There is a Buddhist story about a rich and powerful man who has left a house for a long time and returns to find it a wreck. It has burst into flames and his children are playing around, too absorbed in the fantasy world of their games to notice the danger.
He calls for them to come out, but they are so bound up in what they are doing that they ignore his warnings. In the end he promises them whatever he thinks they want just to get them out of the burning building.
When they emerge, they realise the danger and thank him. Even though none of them got precisely what they expected, they realised that standing in safety, with a splendid carriage hung with diamonds to carry them around in together, was even better.
It reminds you of this place, though there is no gratitude here. The British, Irish and American governments got us out of the burning building in the Good Friday Agreement by making ambiguous promises which everyone understood differently.

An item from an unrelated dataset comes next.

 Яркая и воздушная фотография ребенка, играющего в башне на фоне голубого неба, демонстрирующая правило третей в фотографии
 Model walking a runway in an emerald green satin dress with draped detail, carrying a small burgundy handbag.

Afterwards, the politicians got a lavish administration at Stormont with jobs for everyone and a block grant to spend as they saw fit.
In the story, everyone lives happily ever after and the rich man moves on to other concerns.
We lack a happy ending. To stretch the analogy a bit further, it looks as if the children have set the house on fire again and, this time, he suspects vandalism, or an insurance job.
The diamonds have disappeared off the fancy carriage and the brats are struggling to keep it between the hedges. In fact, it seems headed for the cliff's edge as they fight over the reins. It may be time for the adults to intervene again to avoid disaster.
There have been hints from Dublin and London that it could happen. David Cameron came close to saying that in the Commons this week, when he stressed the need for new talks about flags, parading and the past to avoid a dangerous vacuum. Little patience there for any destabilising "graduated response" to the Parades Commission.
In Dublin, Enda Kenny and Joan Burton, the new Tanaiste, have been meeting the SDLP and Sinn Fein with the same concerns.
It will be humiliating if, after all these years of devolution, the governments have to step in once more, but there may be nothing else for it.